1 min read

Am I supposed to fix this in a Korean rental?

Keep playing, bud. It's just a small tear.

Hey cuz,

It’s usually after you move in that you start noticing small things. A loose handle. A slow drain. A light that flickers once in a while. Sometimes, it’s just life. You’re living. Something breaks.

"Am I supposed to fix this?"
"Wait… will I lose my deposit later?"

Back home, a lot of people are used to calling a building manager for almost everything. And usually, whoever caused the damage pays for it. Here, it feels less obvious.

Most Korean rentals run on a pretty simple logic.
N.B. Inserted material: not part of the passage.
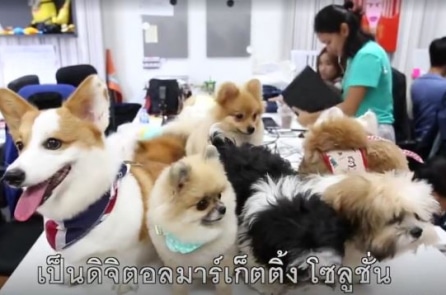 Công ty Thái Lan khuyến khích nhân viên mang thú cưng đi làm để giảm áp lực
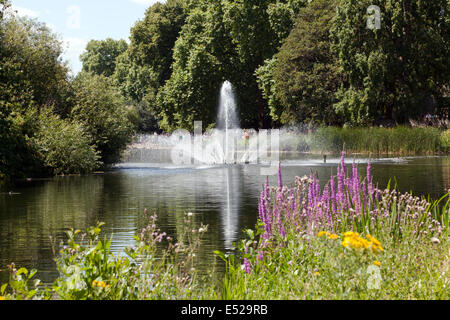 View of the Swire fountain, in the lake at St James's Park, London. Stock Photo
Responsibility usually follows the type of thing, not the story behind it.

If it’s part of daily living, tenants usually just handle it: light bulbs, filters, minor clogs, small wear from normal use.

If it’s part of the unit itself, landlords usually handle it: built-in appliances, plumbing, heating, electrical issues.

And then scale changes the behavior a little too. Most tenants just quietly take care of small things. Not necessarily because they legally have to. It just keeps life easy. A loose shower holder, a small hole in the mosquito screen, a door starting to squeak. People usually don’t turn those into negotiations.

But bigger things are different. Those are usually better to mention early, before they grow into something messy later.

That’s about how the system actually runs in real life. Not perfectly by rules. More by quiet maintenance and reasonable communication.